- Opening Delimiter -
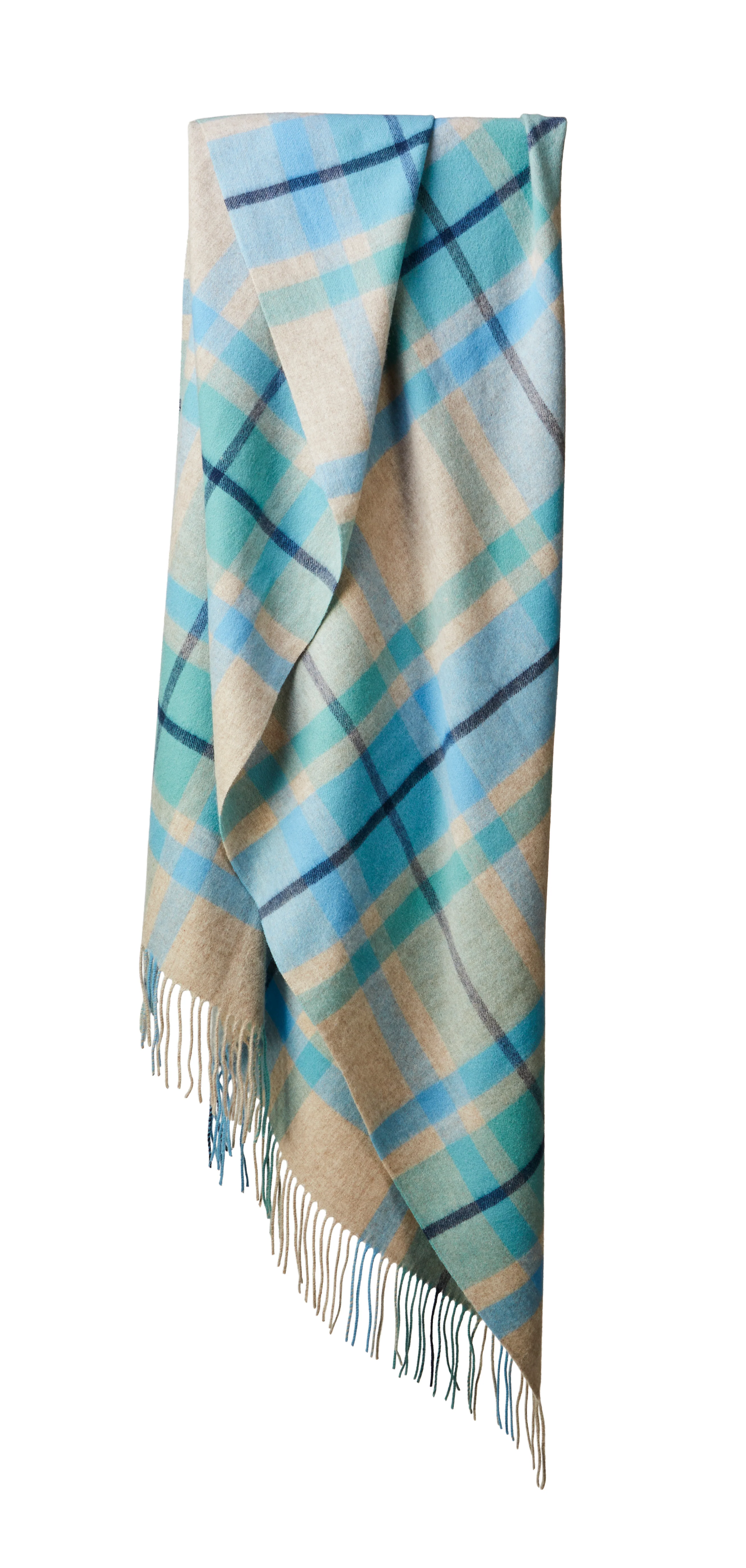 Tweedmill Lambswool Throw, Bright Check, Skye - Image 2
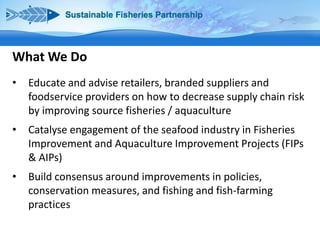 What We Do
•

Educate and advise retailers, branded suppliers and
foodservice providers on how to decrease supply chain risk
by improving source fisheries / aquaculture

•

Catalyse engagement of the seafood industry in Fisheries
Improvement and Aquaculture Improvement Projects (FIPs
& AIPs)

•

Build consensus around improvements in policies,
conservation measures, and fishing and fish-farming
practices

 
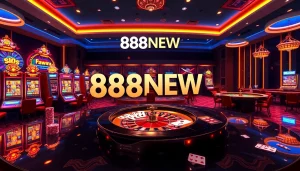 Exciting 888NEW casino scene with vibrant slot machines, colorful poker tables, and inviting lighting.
- Closing Delimiter -
- Opening Delimiter -
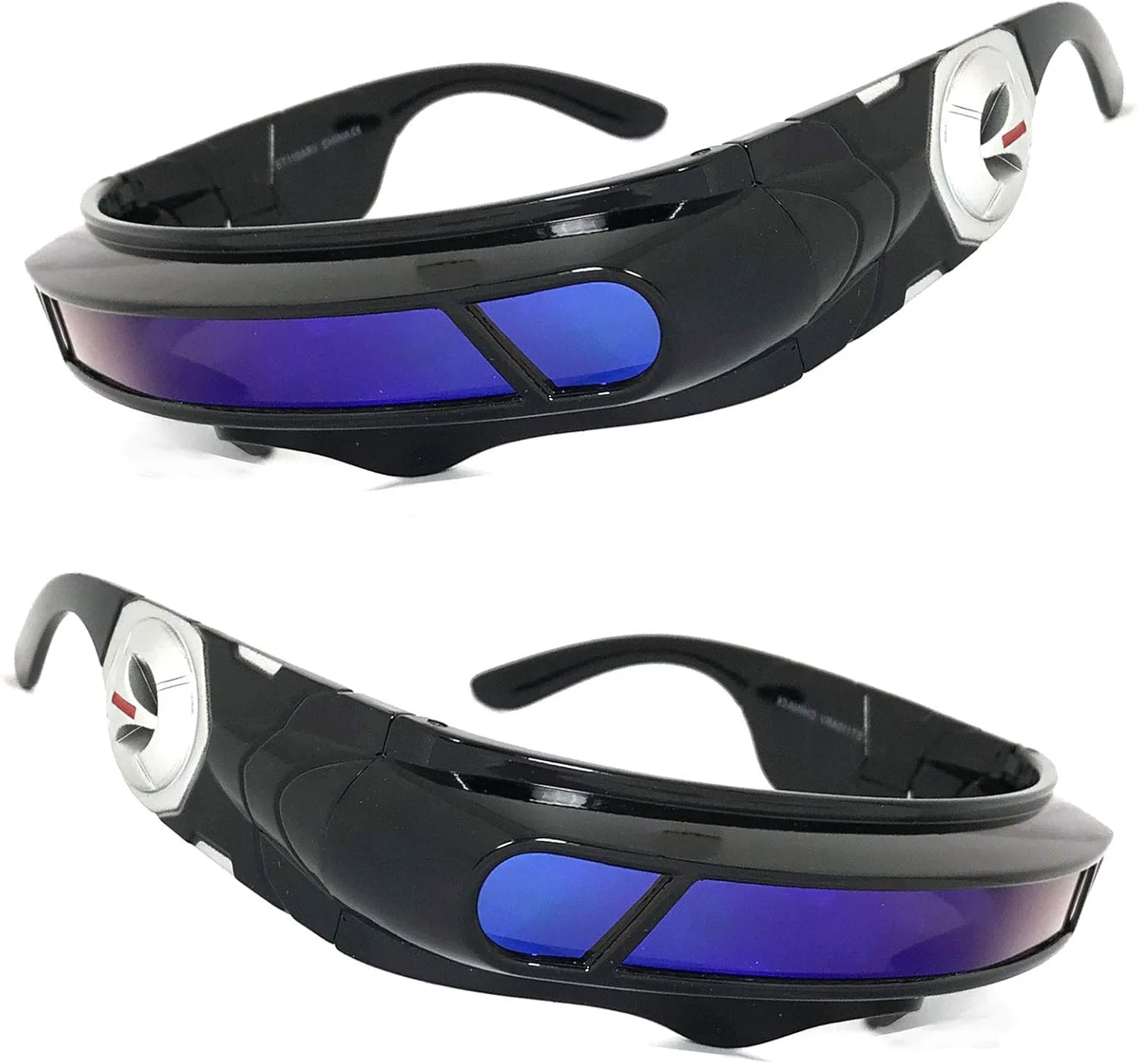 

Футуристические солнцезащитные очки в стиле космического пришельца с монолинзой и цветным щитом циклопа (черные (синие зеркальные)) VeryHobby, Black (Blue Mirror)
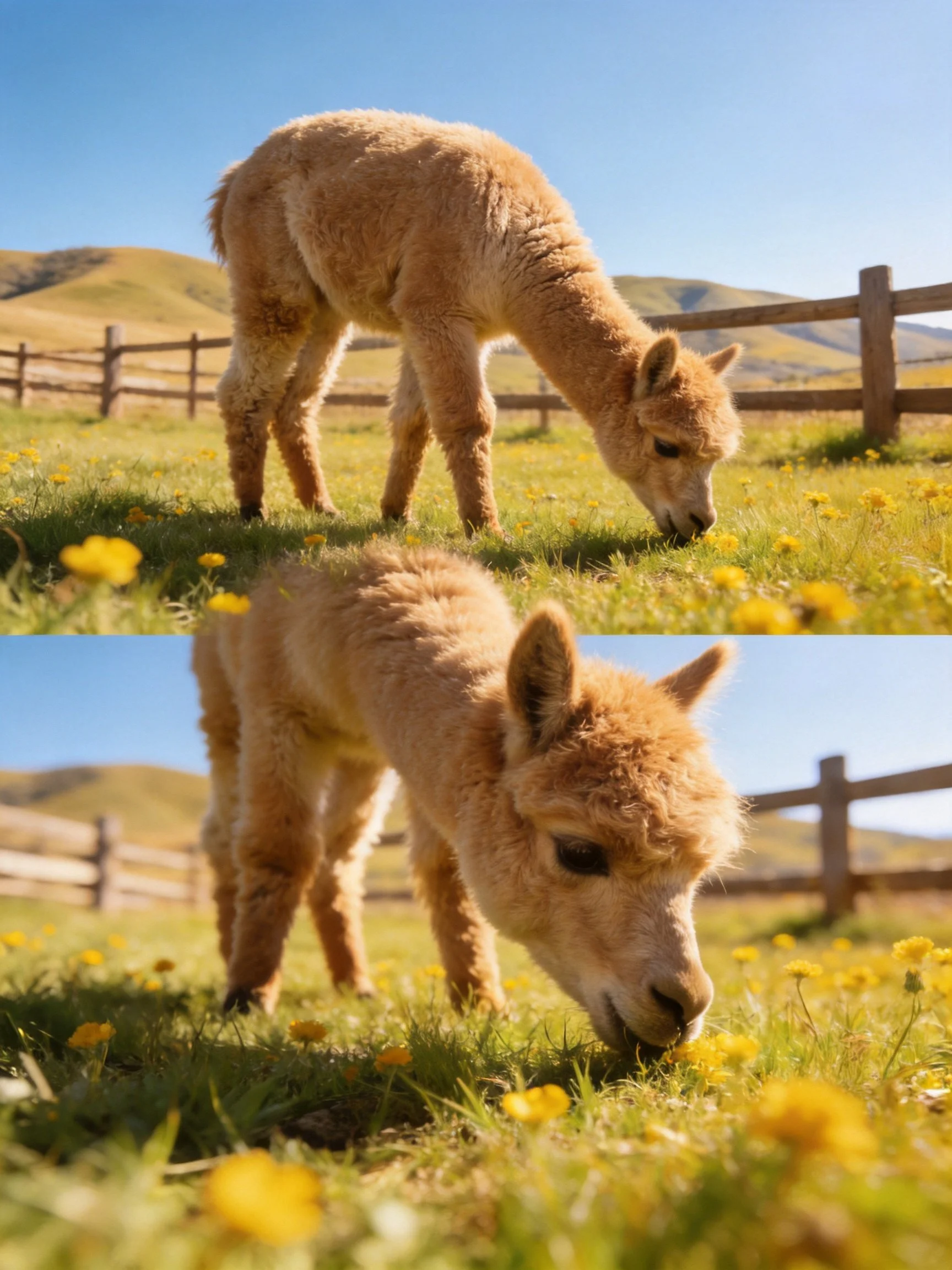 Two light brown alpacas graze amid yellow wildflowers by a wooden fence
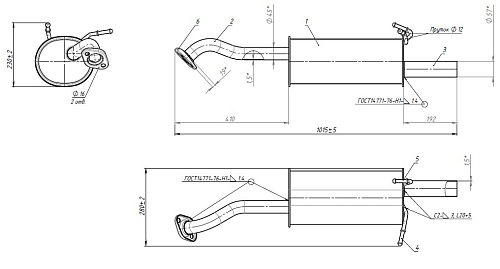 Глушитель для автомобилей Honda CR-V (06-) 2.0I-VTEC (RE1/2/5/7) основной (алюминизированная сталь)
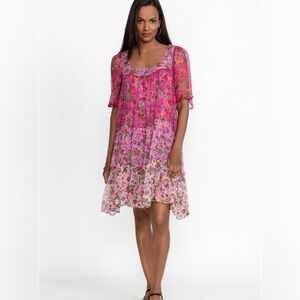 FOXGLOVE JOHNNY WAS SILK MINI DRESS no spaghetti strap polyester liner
- Closing Delimiter -
- Opening Delimiter -
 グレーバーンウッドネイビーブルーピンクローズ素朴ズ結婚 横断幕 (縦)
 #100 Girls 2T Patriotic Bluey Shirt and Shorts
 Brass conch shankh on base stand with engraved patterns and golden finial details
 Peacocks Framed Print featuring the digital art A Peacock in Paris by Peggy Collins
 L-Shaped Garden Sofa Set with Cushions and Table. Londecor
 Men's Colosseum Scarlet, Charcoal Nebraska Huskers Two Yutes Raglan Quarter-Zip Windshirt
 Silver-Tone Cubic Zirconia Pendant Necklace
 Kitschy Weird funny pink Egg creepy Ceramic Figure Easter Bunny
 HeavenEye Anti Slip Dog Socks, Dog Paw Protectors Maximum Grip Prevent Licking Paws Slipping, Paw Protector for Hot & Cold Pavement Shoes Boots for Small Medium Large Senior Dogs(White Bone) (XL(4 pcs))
- Closing Delimiter -
* [Task to complete]
For the entries above, print exactly the lines between the one with "Educate and advise" and the one with "Exciting 888NEW casino", inclusive, with no pictures.

* [Answer space]
Educate and advise retailers, branded suppliers and
foodservice providers on how to decrease supply chain risk
by improving source fisheries / aquaculture

•

Catalyse engagement of the seafood industry in Fisheries
Improvement and Aquaculture Improvement Projects (FIPs
& AIPs)

•

Build consensus around improvements in policies,
conservation measures, and fishing and fish-farming
practices

 
 Exciting 888NEW casino scene with vibrant slot machines, colorful poker tables, and inviting lighting.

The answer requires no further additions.